The typical GenAI deployment consists of several fabrics (see Figure 6). These fabrics are implemented using a leaf and spine-distributed architecture using the Dell PowerSwitch Z, S, and N-Series. The fabric is deployed using either traditional BGP Layer 3 or BGP EVPN overlay.
The back-end fabric is defined as the inter-GPU communication channel where most of the switching activity is done. This is the fabric with the strictest of requirements as it needs to meet all three (lossless, high-performance, and scale) requirements. All the connections from the workloads and between the switches are 400GE based.
The front-end fabric is defined as workload storage and cluster access. This fabric does not demand high throughput, or lossless behavior.

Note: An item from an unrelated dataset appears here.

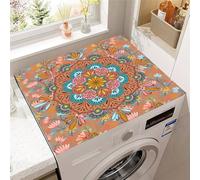 Treer Washer and Dryer Top Protector Mat, 3D Mandala Washer Dryer Covers, Protector Washing Machine Cover Absorbent Quick Drying Diatomaceous Mat for Laundry Room, Kitchen (Light orange,30x40cm)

And lastly, the out-of-band management for simple fabric and workload management.
The sizes of these fabrics range from the small – a single Z9664F-ON – to the large – several dozens of Z9664F-ON.
The first Dell GenAI fabric shows:
- A GenAI fabric of 64 GPUs
- No link oversubscription between workload and fabric
- A single Dell PowerSwitch Z9664F-On
- Eight Dell XE9680s
The second Dell GenAI fabric shows:
- A GenAI fabric of 2,048 GPUs
- A Leaf and Spine architecture
- No link oversubscription between the workload clusters and fabric
- 96 Dell PowerSwitch Z9664F-ON
- 256 Dell XE9680s
From the onset of its release, SONiC aimed at cloud providers. With Dell Technologies, it has benefited from contributions merged into its community versions.
Key features have been added to SONiC, creating multiple different bundles with different features. Figure 15 shows Dell Enterprise SONiC features that allow the deployment of GenAI workloads.
These features have been discussed in (Ethernet Fabric for GenAI workloads).